# any problems using unstabilized Cocobolo and Sonokeling



## WarrenB (May 9, 2014)

I picked up a block of Cocobolo and Sonokeling to do a Wa handle, any issues using these unstabilized? I believe they are both classed as proper hard woods so should be ok?


----------



## WillC (May 9, 2014)

Cocobolo is one that is usually very stable and not requiring stabilising. A serious advantage to stabilised wood is it does not require coats and coats of oil to get a lasting finish, cocobolo though, is very low maintenance in its natural state I have found, as its very dense and oily, probably not the right word, but seems to have natural oils and won't need to soak up a load of finishing oil.


----------



## WarrenB (May 9, 2014)

WillC said:


> Cocobolo is one that is usually very stable and not requiring stabilising. A serious advantage to stabilised wood is it does not require coats and coats of oil to get a lasting finish, cocobolo though, is very low maintenance in its natural state I have found, as its very dense and oily, probably not the right word, but seems to have natural oils and won't need to soak up a load of finishing oil.


Thanks Will, well it will be my first handle so I guess I will have more to worry about than just the wood anyway:biggrin:


----------



## icanhaschzbrgr (May 10, 2014)

Warren, just remember that cocobolo is pretty allergic for many people. Make sure you are well protected from dust (both eyes and airways).
I like Cocobolo because it's not prone to cracking, pretty easy to polish and shape. 

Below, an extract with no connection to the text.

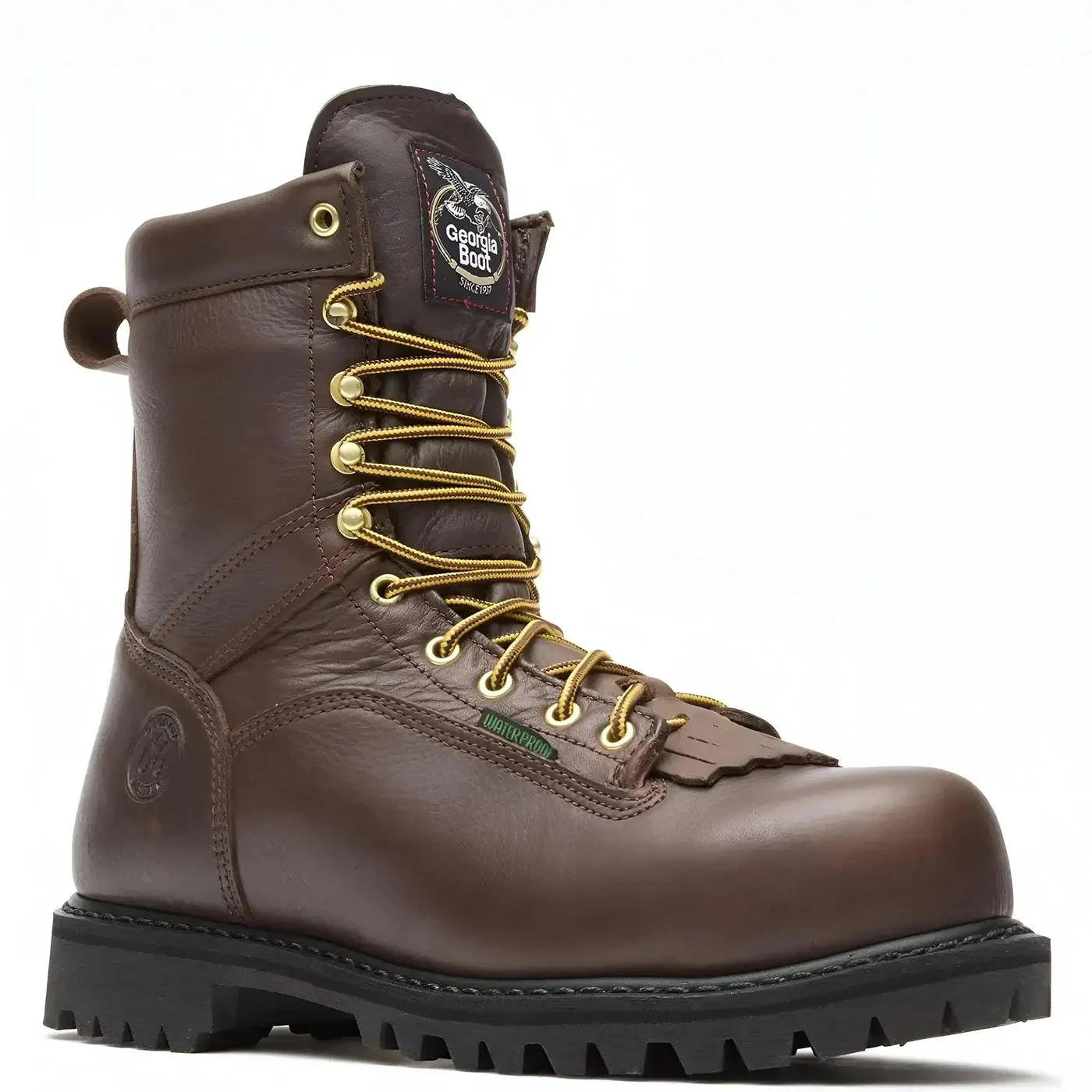 Lace-to-Toe Steel Toe Waterproof Work Boot - Image 6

I'd also recommend having a look here http://www.kitchenknifeforums.com/showthread.php/17926-gluing-cocobolo and repeat about grain filling by Mark and Mikey here http://www.kitchenknifeforums.com/s...he-blackisted-and-the-best?highlight=Cocobolo


----------



## WarrenB (May 10, 2014)

icanhaschzbrgr said:


> Warren, just remember that cocobolo is pretty allergic for many people. Make sure you are well protected from dust (both eyes and airways).
> I like Cocobolo because it's not prone to cracking, pretty easy to polish and shape.
> 
> I'd also recommend having a look here http://www.kitchenknifeforums.com/showthread.php/17926-gluing-cocobolo and repeat about grain filling by Mark and Mikey here http://www.kitchenknifeforums.com/s...he-blackisted-and-the-best?highlight=Cocobolo



Thanks for the links, got a good respirator/mask that I use for work, will make sure I have the correct type of filters installed before I go anywhere near the Cocobolo then:thumbsup:


----------



## Dream Burls (May 10, 2014)

You might want to use gloves too. I've heard that some people can get skin rashes from Cocobolo.


----------



## WarrenB (May 12, 2014)

Dream Burls said:


> You might want to use gloves too. I've heard that some people can get skin rashes from Cocobolo.


Thanks for the info, hate working with gloves on but better than a rash though


----------



## mkriggen (May 12, 2014)

The warnings about working with cocobolo are all valid but don't let them scare you. The two key words are "some people". I've personally never had any problem working with it.

Be well,
Mikey


----------



## WarrenB (May 13, 2014)

mkriggen said:


> The warnings about working with cocobolo are all valid but don't let them scare you. The two key words are "some people". I've personally never had any problem working with it.
> 
> Be well,
> Mikey



Well I can never recall having a reaction to anything in my life(cue the rash from the cocobolo:biggrin I always use a good quality mask/respirator when sanding, think it comes out of habit from work when I sand walls, doors, windows etc.


----------